A Primer On New York Product Liability Law

Michael Hoenig’s Product Liability column in The New York Law Journal, “Complexities Abound In Product Design Claims” (January 11, 2010), provides an excellent primer  on the law of product liability in New York state and a good discussion of the leading cases. (NYLJ.com requires a subscription to access. If you cannot download the article, Mr. Hoenig  will post the article within a couple of weeks on his law firm's web site).   Mr. Hoenig devotes the body of his article to a recent Appellate Division, First Department decision, Chow v. Reckitt & Colman Inc., 2010 NY Slip Op 00013 (App. Div., 1st Dept., Jan. 5, 2010).  There, a split First Department upheld the trial court's grant of summary judgment to the defendant manufacturer of of a drain cleaner called "Lewis Red Devil Lye", which blinded the plaintiff during an attempt to unclog a floor drain in the kitchen of the restaurant where he worked.  Applying the Court of Appeals standard in Voss v. Black & Decker Manufacturing Co, the court examined the 'risk-utility balancing' calculus, which often lies at the heart of a defective design product liability inquiry. In addition to Mr. Hoenig’s “refresher” survey of the law of product design liability, he directs his readers to the commentary issued by the Committee on Pattern Jury Instructions of the Association of Justices of the Supreme Court of the State of New York, particularly PJI 2:120. For further reading, a thoughtful discussion of PJI 2:120 appears in a 2008 article "New  Design-Defect Jury Instructions: Catching 'Denny' " by Stephen R. Blacklocks, a partner in Hunton & Wiliams'  New York office.  As Mr. Hoenig states in the conclusion of NYLJ article, “Mastery of the legal principles – our survey merely scratches the surface – is indispensable in perfecting one’s advocacy.”  When your client next assigns you a new case for  you to defend, take a few minutes to review Mr. Hoenig's primer to remind yourself just how many hurdles plaintiff's counsel needs to overcome to make out a prima facie case of design defect. 

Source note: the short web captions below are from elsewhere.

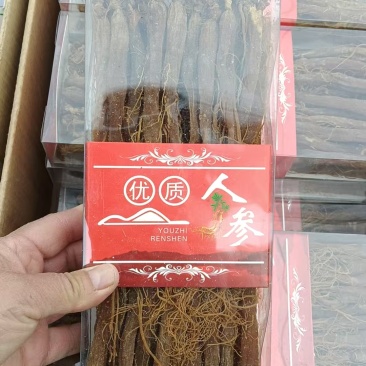 东北人参/红参/产地直发/大量上市/全年供应品质保障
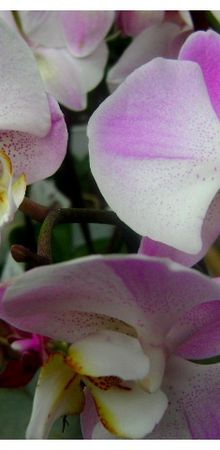 orchidée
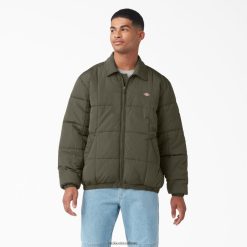 vestuário Dickies jaqueta puffer eisenhower verde militar (ml) homens V2FZ461069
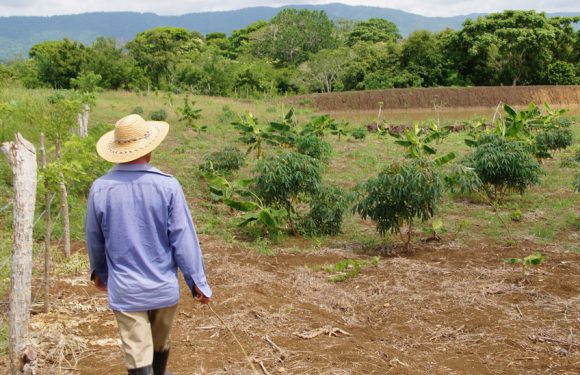 Unidad De Restitución De Tierras Presentará, En 2018, Más De 150 Demandas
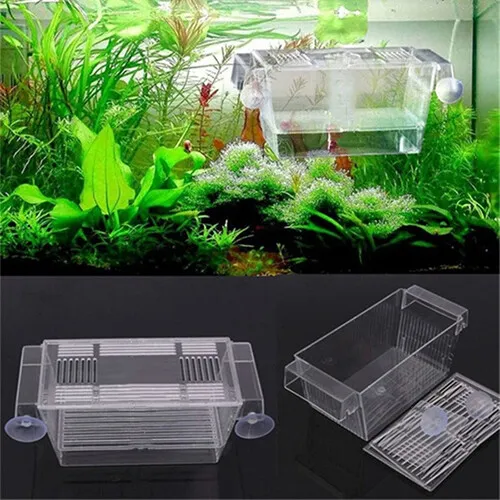 Rearing Trap Box Hot Fish-Tank Guppy-Hatchery Aquarium Double Breeding Breeder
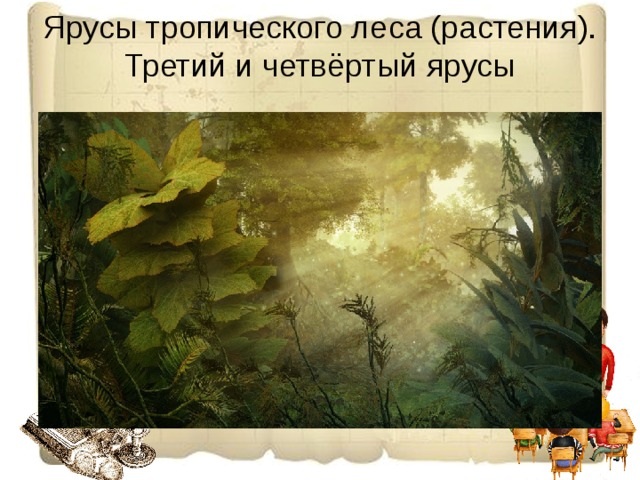 Ярусы тропического леса (растения). Третий и четвёртый ярусы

Expert Reports Ghostwritten By Counsel

Over the years, I have become an enormous fan of Michael Hoenig, a partner at Herzfeld & Rubin, who writes the Products Liability column in The New York Law Journal. More than any other product liability commentator, Mr. Hoenig has served as a muse and inspiration. His columns are thoughtful and well-written. 

Mr. Hoenig’s column titled, “When Attorneys Ghostwrite Experts’ Reports,” published December 14, 2009, is a case in point. Shortly after the column appeared, I prepared a motion for filing in the EDNY to disqualify an adversary’s expert after he confessed in deposition to not preparing his own expert report. In his article,  Mr. Hoenig poses the following questions: How much attorney involvement in the drafting of experts’ reports is permissible? Must the entire work product be that of the expert? Or, at the other extreme, would it be acceptable for an attorney to draft the entire expert’s report with the expert “adopting” it? And, if at least some lawyer input is tolerable, then what is the boundary line between permission and perdition? Federal Rule of Civil Procedure 26(a)(2)(B) calls for disclosure of experts retained or specially employed to provide expert testimony and which “must be accompanied by a written report prepared and signed by the witness.” Mr. Hoenig discusses the federal district court case law discussing the circumstances under which an expert’s failure to prepare his own report might lead to his being barred from testifying at trial. In evaluating the individual facts presented to determine Rule 26 compliance, courts will most likely base their decisions not on who actually penned the report but, rather, whose opinions and analysis the report contains. One federal district court has held that “substantial participation” by the expert in the preparation of the report is required. Even if your motion to disqualify the expert altogether does not succeed, if you can demonstrate to the trial court that much of the expert’s report was ghostwritten by your adversary, the court may be more kindly disposed to your Daubert arguments. After all, if the expert cannot be bothered to write his own report, how painstaking can his methodology be?